Stored dataset items:
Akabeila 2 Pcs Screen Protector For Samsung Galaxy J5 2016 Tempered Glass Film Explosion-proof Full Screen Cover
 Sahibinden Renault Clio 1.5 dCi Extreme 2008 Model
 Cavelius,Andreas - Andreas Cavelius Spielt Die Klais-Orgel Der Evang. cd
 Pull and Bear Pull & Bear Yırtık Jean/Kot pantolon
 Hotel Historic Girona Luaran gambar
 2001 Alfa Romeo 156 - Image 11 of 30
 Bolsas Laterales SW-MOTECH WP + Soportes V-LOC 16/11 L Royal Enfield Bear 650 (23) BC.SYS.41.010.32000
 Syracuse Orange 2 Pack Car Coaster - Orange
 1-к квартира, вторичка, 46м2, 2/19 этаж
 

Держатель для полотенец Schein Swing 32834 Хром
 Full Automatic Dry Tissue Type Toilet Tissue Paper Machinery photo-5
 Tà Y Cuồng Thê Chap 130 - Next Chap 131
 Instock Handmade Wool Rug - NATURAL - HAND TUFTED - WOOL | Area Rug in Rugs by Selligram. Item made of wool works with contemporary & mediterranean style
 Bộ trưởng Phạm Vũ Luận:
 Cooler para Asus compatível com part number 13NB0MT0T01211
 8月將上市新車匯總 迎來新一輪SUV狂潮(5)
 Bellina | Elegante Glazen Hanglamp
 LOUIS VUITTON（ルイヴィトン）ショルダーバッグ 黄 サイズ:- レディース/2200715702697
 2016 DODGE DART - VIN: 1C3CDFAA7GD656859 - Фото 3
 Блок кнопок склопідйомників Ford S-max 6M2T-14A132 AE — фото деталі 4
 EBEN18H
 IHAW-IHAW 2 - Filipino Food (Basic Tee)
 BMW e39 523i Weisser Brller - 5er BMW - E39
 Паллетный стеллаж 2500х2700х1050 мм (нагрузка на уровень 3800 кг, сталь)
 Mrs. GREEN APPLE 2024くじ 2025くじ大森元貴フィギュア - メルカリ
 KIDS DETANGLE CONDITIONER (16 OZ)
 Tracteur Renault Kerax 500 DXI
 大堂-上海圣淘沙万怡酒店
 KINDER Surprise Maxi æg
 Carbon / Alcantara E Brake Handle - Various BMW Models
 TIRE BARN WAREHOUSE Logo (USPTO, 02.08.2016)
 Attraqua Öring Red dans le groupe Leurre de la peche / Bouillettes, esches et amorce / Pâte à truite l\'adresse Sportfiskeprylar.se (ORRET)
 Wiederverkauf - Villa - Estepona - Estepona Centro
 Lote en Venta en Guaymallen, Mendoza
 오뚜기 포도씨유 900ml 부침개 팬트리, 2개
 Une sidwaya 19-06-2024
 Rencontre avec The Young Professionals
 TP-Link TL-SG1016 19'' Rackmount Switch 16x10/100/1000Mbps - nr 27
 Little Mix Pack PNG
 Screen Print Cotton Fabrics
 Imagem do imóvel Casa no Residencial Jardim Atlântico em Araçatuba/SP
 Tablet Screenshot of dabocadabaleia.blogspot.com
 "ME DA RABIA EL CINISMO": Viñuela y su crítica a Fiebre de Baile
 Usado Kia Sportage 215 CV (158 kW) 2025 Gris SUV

WHAT IS BEING ASKED: Only the lines from the beginning of the entries through the line bearing "IHAW-IHAW 2 - Filipino Food (Basic Tee)" should be returned, each exactly as written.

FINISHED TASK:
Akabeila 2 Pcs Screen Protector For Samsung Galaxy J5 2016 Tempered Glass Film Explosion-proof Full Screen Cover
 Sahibinden Renault Clio 1.5 dCi Extreme 2008 Model
 Cavelius,Andreas - Andreas Cavelius Spielt Die Klais-Orgel Der Evang. cd
 Pull and Bear Pull & Bear Yırtık Jean/Kot pantolon
 Hotel Historic Girona Luaran gambar
 2001 Alfa Romeo 156 - Image 11 of 30
 Bolsas Laterales SW-MOTECH WP + Soportes V-LOC 16/11 L Royal Enfield Bear 650 (23) BC.SYS.41.010.32000
 Syracuse Orange 2 Pack Car Coaster - Orange
 1-к квартира, вторичка, 46м2, 2/19 этаж
 

Держатель для полотенец Schein Swing 32834 Хром
 Full Automatic Dry Tissue Type Toilet Tissue Paper Machinery photo-5
 Tà Y Cuồng Thê Chap 130 - Next Chap 131
 Instock Handmade Wool Rug - NATURAL - HAND TUFTED - WOOL | Area Rug in Rugs by Selligram. Item made of wool works with contemporary & mediterranean style
 Bộ trưởng Phạm Vũ Luận:
 Cooler para Asus compatível com part number 13NB0MT0T01211
 8月將上市新車匯總 迎來新一輪SUV狂潮(5)
 Bellina | Elegante Glazen Hanglamp
 LOUIS VUITTON（ルイヴィトン）ショルダーバッグ 黄 サイズ:- レディース/2200715702697
 2016 DODGE DART - VIN: 1C3CDFAA7GD656859 - Фото 3
 Блок кнопок склопідйомників Ford S-max 6M2T-14A132 AE — фото деталі 4
 EBEN18H
 IHAW-IHAW 2 - Filipino Food (Basic Tee)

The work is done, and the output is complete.